Ubuntu experts at OMG Ubuntu characterize the latest revision in RAM specs as “an honesty bump.” In other words, the core OS isn’t really more demanding on system resources this time around, but Canonical recognizes that with the latest Gnome desktop, modern web browsers, and typical multitasking workflows, users should look at a minimum of 6GB of RAM.
Please everyone read or at least skim articles before posting.
NEVER!
Web browsing is the real murder here.. and i dont want to know how much memory is solely spent on ads
The week after GDPR went into effect was amazing. Almost nobody was ready, so they just turned off all their ads and tracking for European IPs while they figured it out. Pages loaded pretty much instantly.
I'm concerned about in-system bloat because I read the linked article.
Rather, it’s more of an honesty bump. Components that make up the distro – the GNOME desktop and extensions, modern web browsers (and the sites we load in them) and the kinds of apps we use (and keep running) whilst multitasking are more demanding.
The desktop itself isn't the only reason that you need more RAM, but it's definitely one of them.
They’re raising it because of RAM needs of browsers and GNOME.
If you’re a shell nerd like me, you’ll still be fine running it on a potato.
It's an illuminating experience to go to a store with Apple computers with 8GB of RAM on display, and browse to a RAM-heavy unoptimized website like YouTube or even Reddit now.
Open a few tabs.
Open a dozen.
You'd be surprised what a decently coded OS can pull off without compromising on the visuals.

I don't immediately hate it. It's been a while since any laptops/prebuilds shipped with less than 8 GB, and there's distros out there far better suited to running on low power or legacy hardware.
In this economy?
So basically the system requirements of Chrome.
"HERE'S A NICKLE, KID. GET YOURSELF A BETTER COMPUTER."

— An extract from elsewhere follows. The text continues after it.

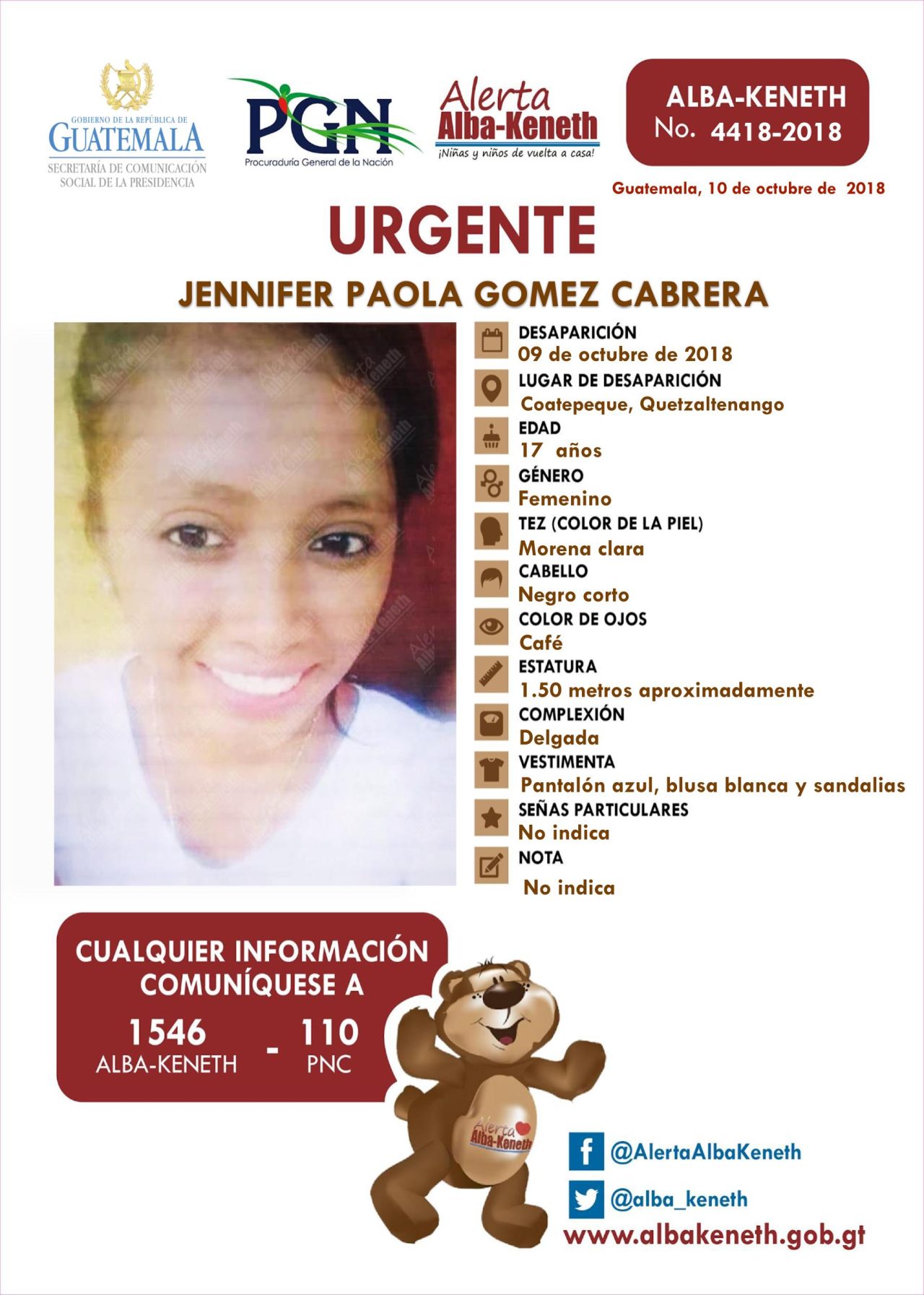 Alerta Alba-Keneth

20 years ago when Scott Adams was still a moderately sane human.
Wow, it needs more RAM than Windows!
https://www.microsoft.com/en-us/windows/windows-11-specifications
Wow those min specs are pure bullshit. Sure you can run the OS - oh, did you want to do anything else with your PC? Good luck
That's pretty much what a browser needs these days.
Use Debian if you want a system like Ubuntu that isn't full of Canonical's corporate shit. Ubuntu is based on Debian.
This doesn't seem so bad, though. 2 GB more in about 10 years is pretty reasonable in terms of an increase.
It's not like they doubled it.
Fun thing, I just booted up an old computer. Started right up. It had Ubuntu 11.10 on it.
Now, I obviously didn't connect the thing to the Internet. Updates would have probably failed hard. Not because it's missing over a decade of updates so there might be some complications on that front, but because it's a Pentium III with Definitely Not Even a Gigabyte of memory. (Oh and a Nvidia GeForce 2 MX. I'm pretty sure that's not supported by... any driver any more.)
I wonder how much of this is just modern web apps... even running without a containerized distro and a leaner DE - I still have +90% of my RAM taken up by websites.
Modern UI development is such fucking shit. I have no idea why they went with all of these heavyweight shit frameworks.
- Everything is a framework under a framework running on a pseudo virtual machine. 6 GB are just for the notepad and the mouse driver.
When I built my current rig a few years back (when I still used Windows and Photoshop), I said, "RAM is cheap enough, and more is better, but don't go overboard."
That's how I ended up with 64GB of RAM.
Meanwhile on my raspberrypi 4 running Ubuntu server:

And my tablet running stock Ubuntu:

8GB was barely enough 10 years ago. That's when I switched to Arch+KDE. Then KDE started using more. memory.
More memory meaning? From 800Mb to 1GB? I'd say, for what plasma is, its ram usage is low.
agreed. KDE is pretty much the gold standard of the usability versus resource usage tradeoff, IMHO. From what I've seen: Websites/Web Browsers = worst offenders.